The FSA sequential‐data signal processing, and extraction of statistical moments on windowed data, will be shown in Chapter 2 to be O(L) with L the size of the data (double the data and you double the processing time). If HMMs can be used, with their introduction of states (the sequential data is described as a sequentence of “hidden” states), then the computational cost goes as O(LN²). If N = 10, then this could be 100 times more computational time to process than that of a FSA‐based O(L) computation, so the HMMs can generally be a lot more expensive in terms of computational time. Even so, if you can benefit from a HMM it is generally possible to do so, even if hardware specialization (CPU farm utilization, etc.) is required. The problem is if you do not have a strong basis for a HMM application, e.g. when there is no strong basis for delineating the states of the system of communication under study. This is the problem encounterd in the study of natural languages (where there is significant context dependency). In Chapter 5 we look into FSA analysis for language by doing some basic text analytics.

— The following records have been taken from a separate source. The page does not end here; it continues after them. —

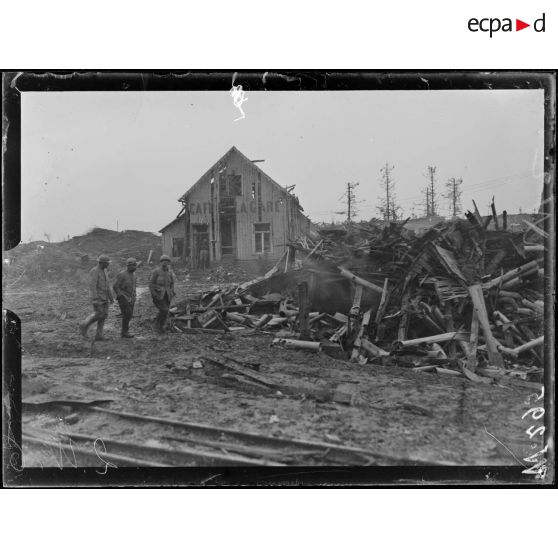 Le café de la gare de Combles. [légende d'origine]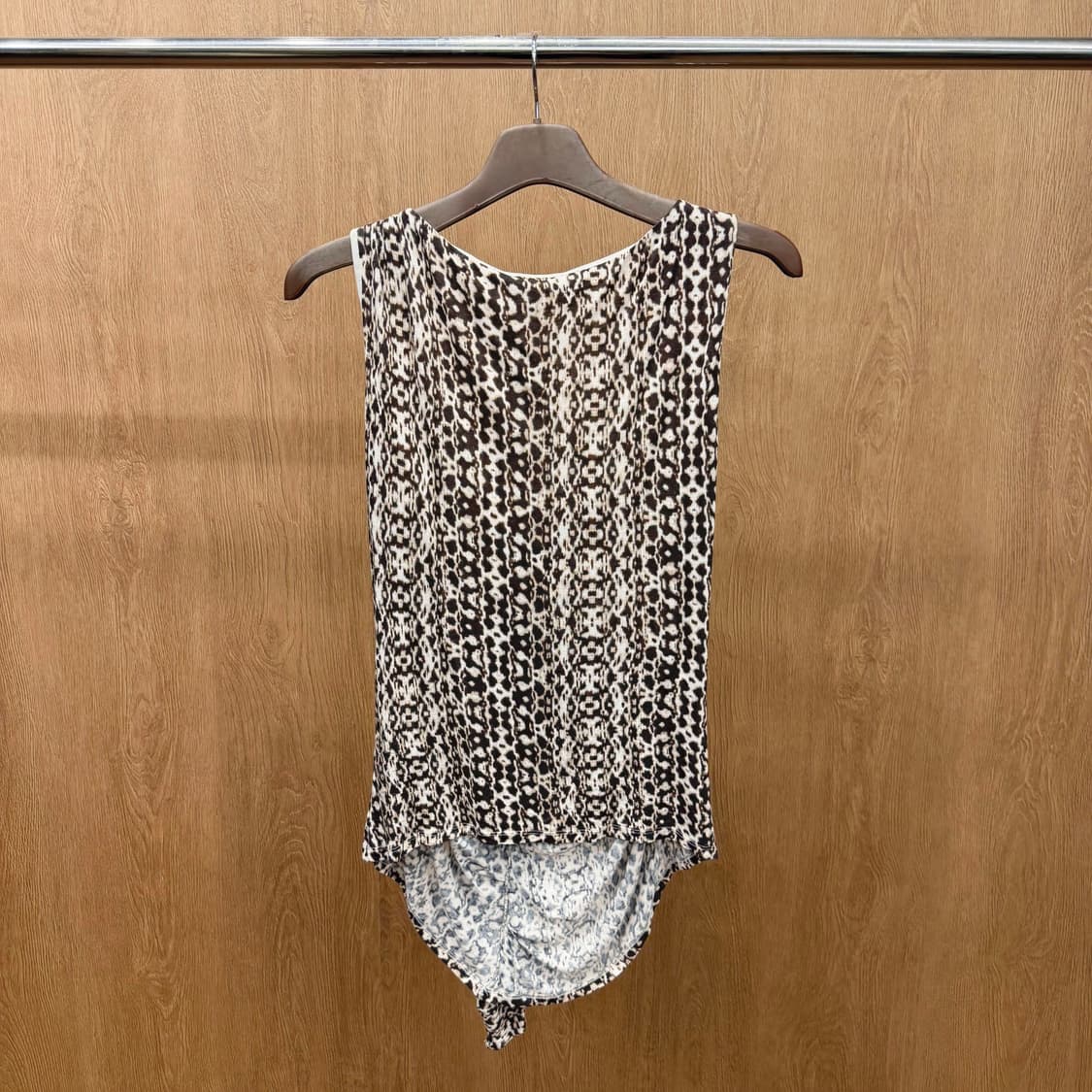 막스마라 슬리브리스 블라우스 호피 패턴 프릴 브이넥 로우하이 헴 디테일 상품이미지3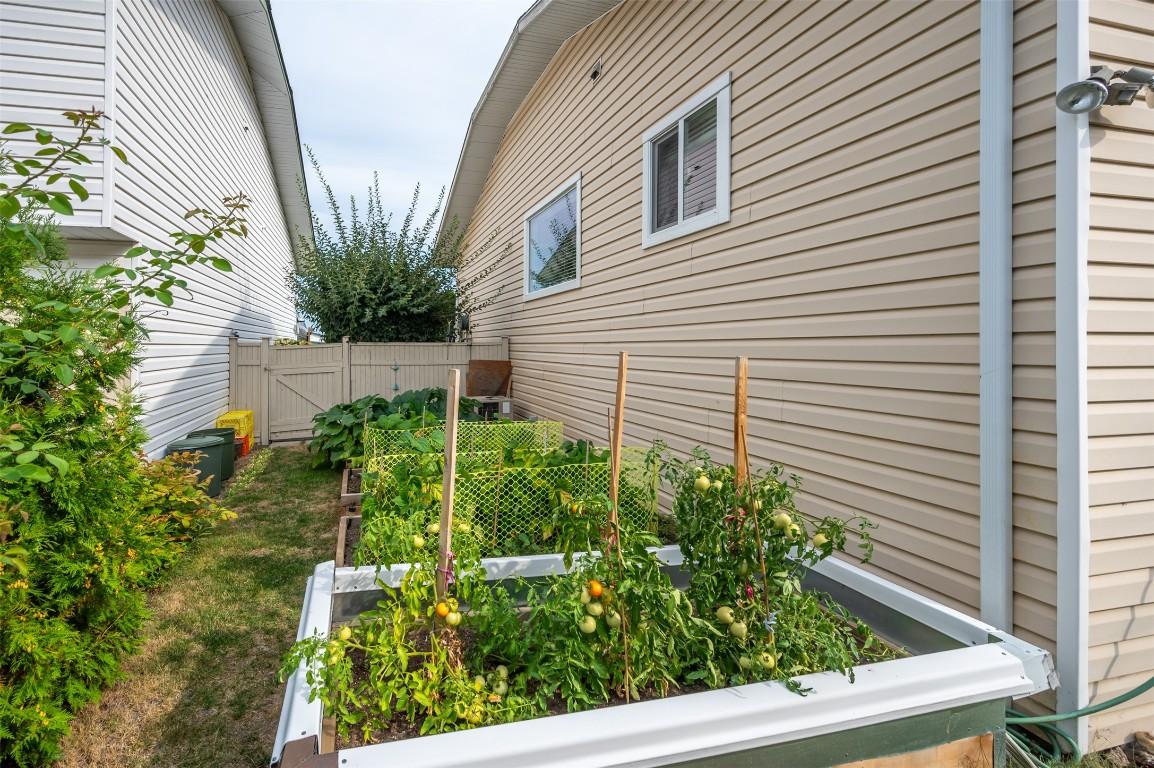 109-3400 Wilson Street, Penticton, BC - Outdoor With Exterior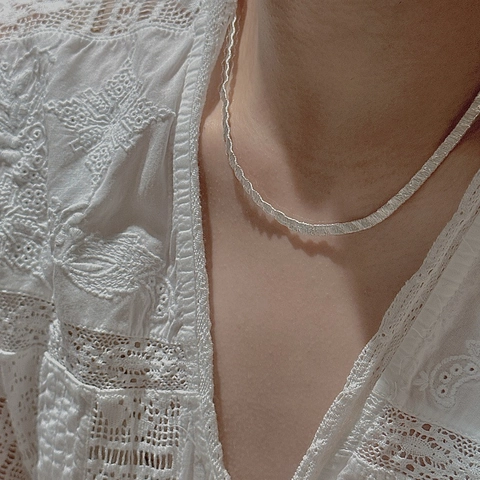 Collana Minimalista in Argento Sterling 925 con Texture Pieghettata da Donna Catena a Clavicola Irregolare Retro Gioielli Moda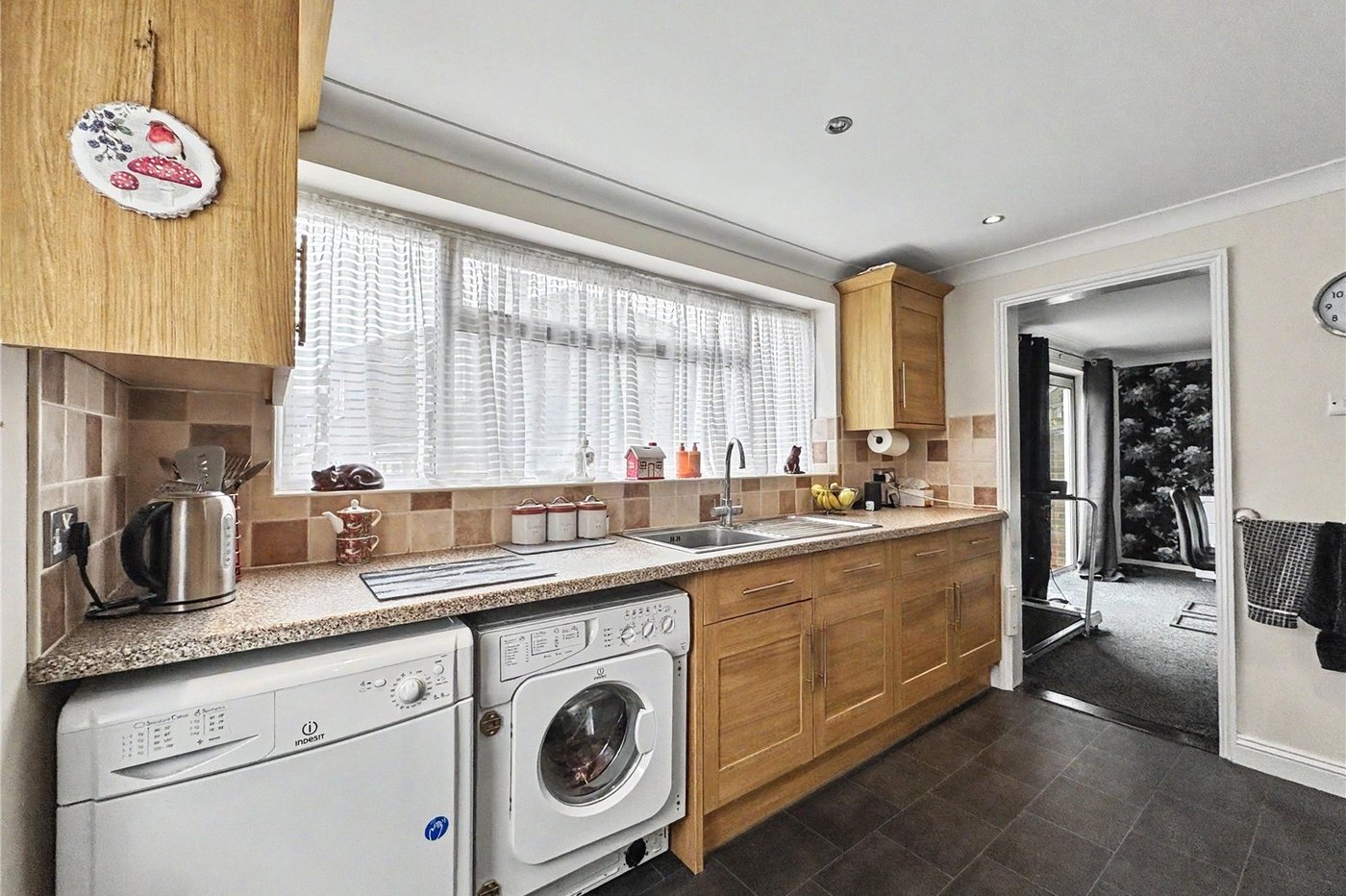 3 bedroom house for sale in Rainham | Robinson Michael & Jackson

Chapter 5 shows some (very) basic extensions to an FSA analysis in applications to text. This begins with a simple frequency analysis on words, which for some classics (in their original languages) reveal important word‐frequency results with implied meanings meant by the author (polysemy word usage by Machiavelli, for example). The frequency on word groupings in a given text can be studied as well, with some useful results from texts of sufficient size with clear stylistic conventions by the author. Authors that structure their lines of text according to iambic pentameter (Shakespeare, for example) can also be identified according to the profile (histogram) of syllables used on each line (i.e. 10 for iambic pentameter will dominate).

Text analytics can also take what is still O(L) processing into mapping the mood or sentiment of text samples by use of word‐scored sentiment tables. The generation and use of such sentiment tables is its own craft, usually proprietary, so only minimal examples are given. Thus Chapter 5 shows an elaboration of FSA‐based analysis that might be done when there is no clear definition of state, such as in language. NLP processing in general encompasses a much more complete grammatical knowledge of the language, but in the end the NLP and the FSA‐based “add‐on” still suffer from not being able to manage word context easily (the states cannot simply be words since the words can have different meaning according to context). The inability to use HMMs has been a blockade to a “universal translator” that has since been overcome with use of Deep Learning using NNs (Chapter 13) – where immense amounts of translation data, such as the massive corpus of dual language Canadian Government proceedings, is sufficient to train a translator (English–French). Most of the remaining Chapters focus on situations where a clear delinaeation of signal state can be given, and thus benefit from the use of HMMs.